**Required action:** A word-for-word copy of the listing is what's needed; leave out every image.

**The data:**

*-*-*

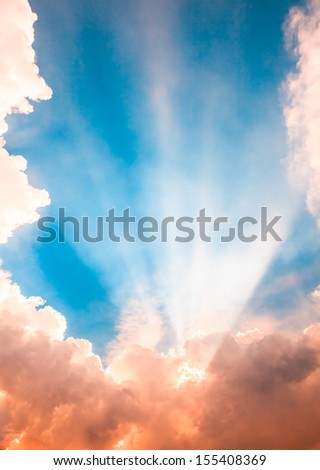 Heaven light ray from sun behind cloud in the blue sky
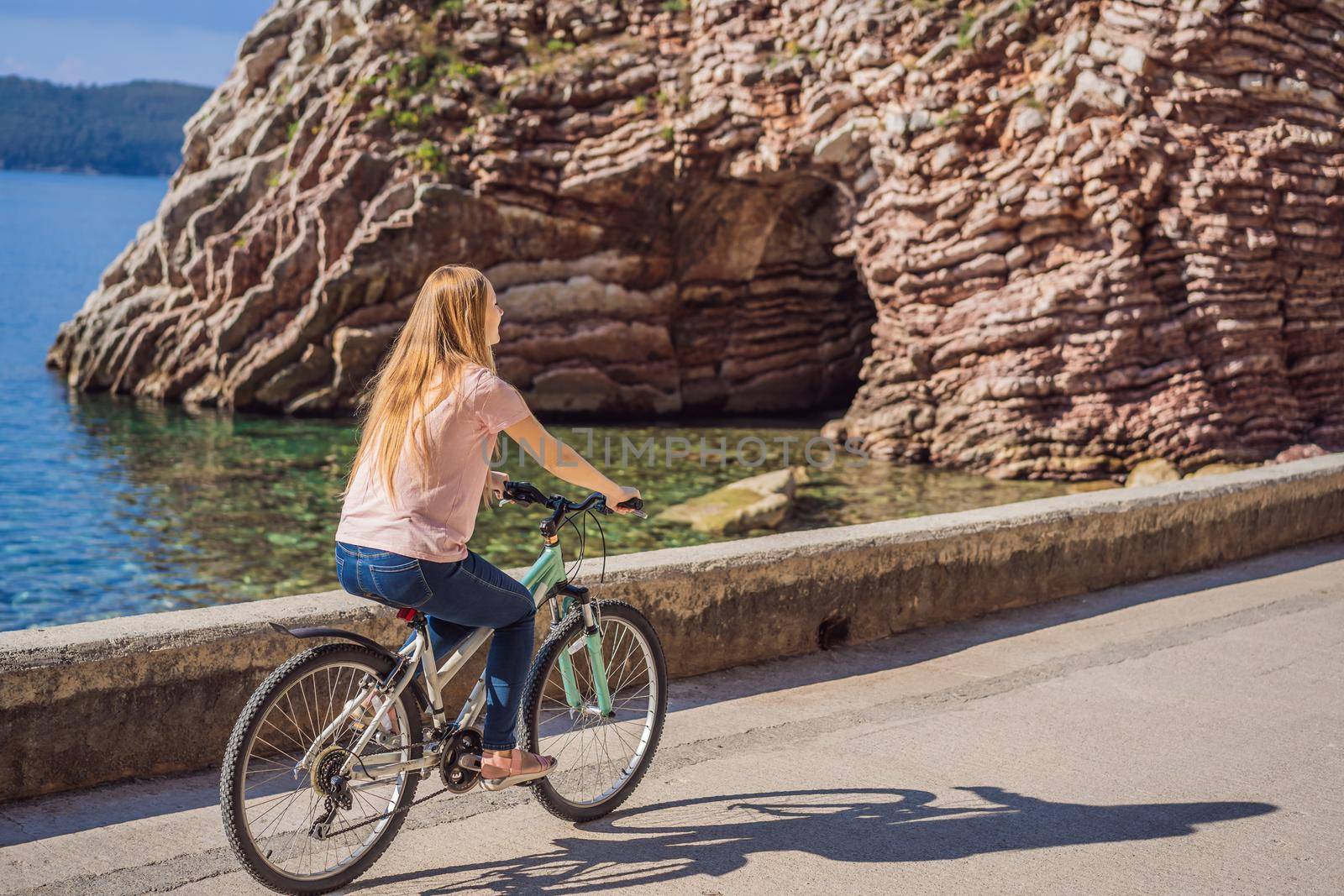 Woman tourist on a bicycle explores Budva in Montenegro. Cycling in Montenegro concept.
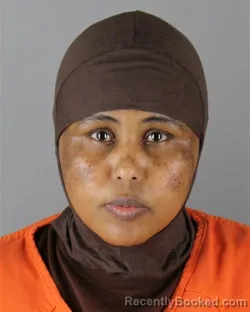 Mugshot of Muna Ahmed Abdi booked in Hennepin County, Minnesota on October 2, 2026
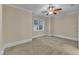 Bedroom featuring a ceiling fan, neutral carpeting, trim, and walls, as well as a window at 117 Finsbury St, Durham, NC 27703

*-*-*

**Output of the exercise:**
 Heaven light ray from sun behind cloud in the blue sky
 Woman tourist on a bicycle explores Budva in Montenegro. Cycling in Montenegro concept.
 Mugshot of Muna Ahmed Abdi booked in Hennepin County, Minnesota on October 2, 2026
 Bedroom featuring a ceiling fan, neutral carpeting, trim, and walls, as well as a window at 117 Finsbury St, Durham, NC 27703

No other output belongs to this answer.